ABOUT THIS EXERCISE => The reply must reproduce each line below exactly.

DATASET CONTENT =>

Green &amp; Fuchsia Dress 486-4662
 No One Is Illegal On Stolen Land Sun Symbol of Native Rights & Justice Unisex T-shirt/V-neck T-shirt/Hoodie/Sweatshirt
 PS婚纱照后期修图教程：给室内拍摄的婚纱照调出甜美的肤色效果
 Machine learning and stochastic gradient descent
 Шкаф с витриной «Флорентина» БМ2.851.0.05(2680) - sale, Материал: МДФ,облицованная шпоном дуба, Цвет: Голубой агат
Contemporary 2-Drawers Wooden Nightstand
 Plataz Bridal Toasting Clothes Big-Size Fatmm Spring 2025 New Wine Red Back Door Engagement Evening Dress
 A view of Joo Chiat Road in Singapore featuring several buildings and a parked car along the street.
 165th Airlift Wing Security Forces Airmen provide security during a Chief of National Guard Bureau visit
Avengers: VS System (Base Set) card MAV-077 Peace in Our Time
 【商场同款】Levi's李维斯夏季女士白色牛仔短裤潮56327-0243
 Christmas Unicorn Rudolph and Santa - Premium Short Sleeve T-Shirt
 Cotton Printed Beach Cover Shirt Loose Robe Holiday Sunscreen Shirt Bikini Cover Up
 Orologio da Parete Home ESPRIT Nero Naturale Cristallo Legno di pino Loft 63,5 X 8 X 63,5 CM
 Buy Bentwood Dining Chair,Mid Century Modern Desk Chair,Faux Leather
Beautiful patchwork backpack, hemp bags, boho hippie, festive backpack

ANSWER TO THE EXERCISE =>
Green &amp; Fuchsia Dress 486-4662
 No One Is Illegal On Stolen Land Sun Symbol of Native Rights & Justice Unisex T-shirt/V-neck T-shirt/Hoodie/Sweatshirt
 PS婚纱照后期修图教程：给室内拍摄的婚纱照调出甜美的肤色效果
 Machine learning and stochastic gradient descent
 Шкаф с витриной «Флорентина» БМ2.851.0.05(2680) - sale, Материал: МДФ,облицованная шпоном дуба, Цвет: Голубой агат
Contemporary 2-Drawers Wooden Nightstand
 Plataz Bridal Toasting Clothes Big-Size Fatmm Spring 2025 New Wine Red Back Door Engagement Evening Dress
 A view of Joo Chiat Road in Singapore featuring several buildings and a parked car along the street.
 165th Airlift Wing Security Forces Airmen provide security during a Chief of National Guard Bureau visit
Avengers: VS System (Base Set) card MAV-077 Peace in Our Time
 【商场同款】Levi's李维斯夏季女士白色牛仔短裤潮56327-0243
 Christmas Unicorn Rudolph and Santa - Premium Short Sleeve T-Shirt
 Cotton Printed Beach Cover Shirt Loose Robe Holiday Sunscreen Shirt Bikini Cover Up
 Orologio da Parete Home ESPRIT Nero Naturale Cristallo Legno di pino Loft 63,5 X 8 X 63,5 CM
 Buy Bentwood Dining Chair,Mid Century Modern Desk Chair,Faux Leather
Beautiful patchwork backpack, hemp bags, boho hippie, festive backpack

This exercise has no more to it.